▸ What is required
Could you transcribe each record below exactly as written, setting the pictures aside?

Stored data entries
▬▬▬

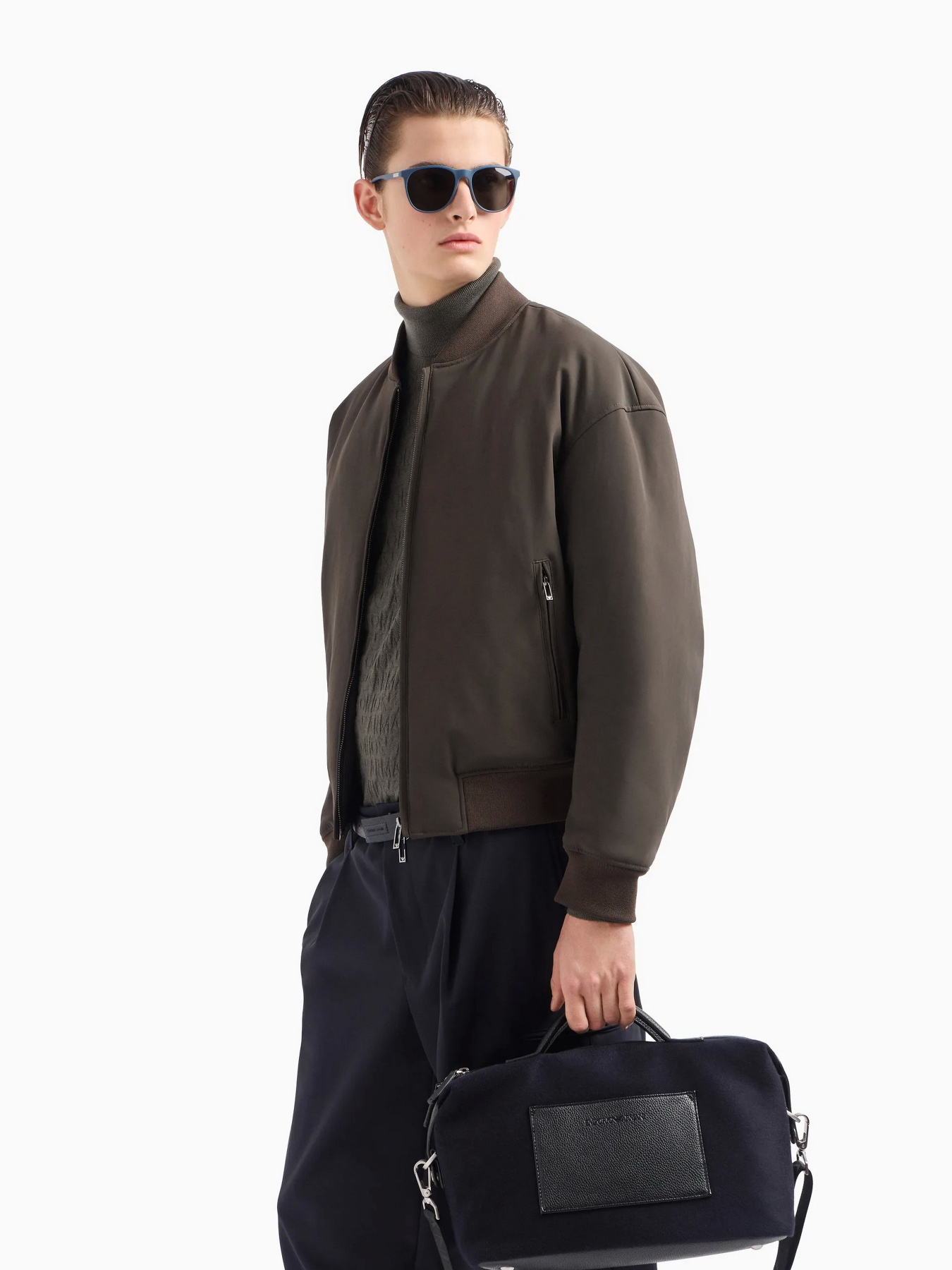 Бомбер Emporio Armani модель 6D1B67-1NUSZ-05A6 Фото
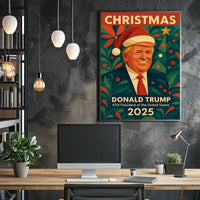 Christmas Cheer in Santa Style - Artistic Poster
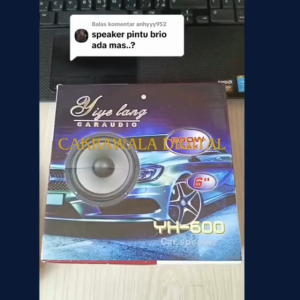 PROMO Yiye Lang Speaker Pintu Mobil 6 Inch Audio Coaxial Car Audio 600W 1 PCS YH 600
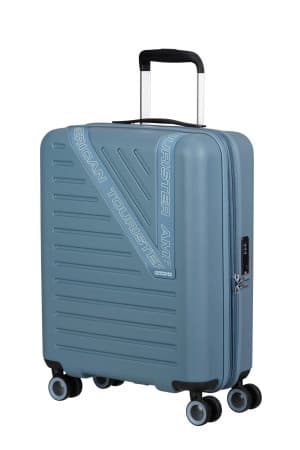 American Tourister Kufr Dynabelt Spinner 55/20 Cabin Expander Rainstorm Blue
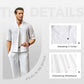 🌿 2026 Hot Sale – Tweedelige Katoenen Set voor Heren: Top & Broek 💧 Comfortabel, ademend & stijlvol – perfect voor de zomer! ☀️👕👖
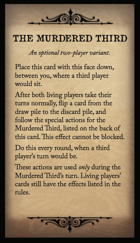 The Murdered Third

▬▬▬

▸ Reply
 Бомбер Emporio Armani модель 6D1B67-1NUSZ-05A6 Фото
 Christmas Cheer in Santa Style - Artistic Poster
 PROMO Yiye Lang Speaker Pintu Mobil 6 Inch Audio Coaxial Car Audio 600W 1 PCS YH 600
 American Tourister Kufr Dynabelt Spinner 55/20 Cabin Expander Rainstorm Blue
 🌿 2026 Hot Sale – Tweedelige Katoenen Set voor Heren: Top & Broek 💧 Comfortabel, ademend & stijlvol – perfect voor de zomer! ☀️👕👖
 The Murdered Third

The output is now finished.